The state, which has jurisdiction out to 10 miles along the Texas Gulf Coast, has agreed to lease 11,355 acres to Galveston-Offshore Wind, LLC, about seven miles off of Galveston Island. The company is a division of Wind Energy Systems Technologies, or W.E.S.T., of New Iberia, La.
Construction of the Texas project is expected to be completed within five years and cost about $300 million. W.E.S.T. plans to construct about 50 wind turbines, expected to produce 150 megawatts of wind energy- enough to power about 40,000 homes.
The first phase of the project will be the construction of two meteorological towers to collect wind data, which have already been permitted by the U.S. Army Corps of Engineers, Patterson said.
Data collected by the towers will help pinpoint where in the lease area to construct the turbines.
The 30-year lease agreement is expected to generate at least $26.5 million for the state’s Permanent School Fund for public education. The project also will help fulfill the state’s new goals of increasing the percentage of energy produced by renewable resources, Patterson said.
“The economics work, and they work well, and we’re excited about it,” he said. “The environmental impacts are very positive.”
Patterson said he doesn’t think the Texas project will draw the same criticism other offshore wind projects in the United States have received. In some cases, prominent residents have complained about the view.
Attempts to build offshore wind power in New York and Massachusetts, for example, have not been successful because of concerns about coastal views and jurisdiction conflicts.
“Texans are used to looking at offshore production of oil and gas,” Patterson said.
Herman Schellstede, W.E.S.T. president, said his company has been building offshore oil platforms for almost 40 years, so embarking on an offshore wind project is a natural move.
“Ask yourself this simple question: Are Texas and Louisiana in the energy business or the oil business?” he said. “If we’re in the oil business, we’re all going to go out of business eventually, but if we’re in the energy business, these wind turbines will operate forever and furnish viable sources of energy.”

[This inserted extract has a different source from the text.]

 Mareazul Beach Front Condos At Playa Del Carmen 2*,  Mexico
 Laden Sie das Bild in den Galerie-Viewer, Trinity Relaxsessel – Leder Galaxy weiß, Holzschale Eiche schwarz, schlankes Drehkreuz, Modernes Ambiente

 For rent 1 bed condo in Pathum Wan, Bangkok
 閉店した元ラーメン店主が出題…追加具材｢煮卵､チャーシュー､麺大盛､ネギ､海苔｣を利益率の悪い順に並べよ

Worries that tall offshore wind turbines could interfere with migratory birds will be addressed by studying the birds’ northern migration paths near Galveston Island as early as next spring, company officials said.
There are some 300 species of “neotropical” migratory birds, said Harold Schoeffler of the Sierra Club of Acadiana, who appeared with Schellstede in Austin to announce the wind project.
Texas already has wind turbines on land in West Texas. The state ranks second in the nation behind California in electricity generated by wind.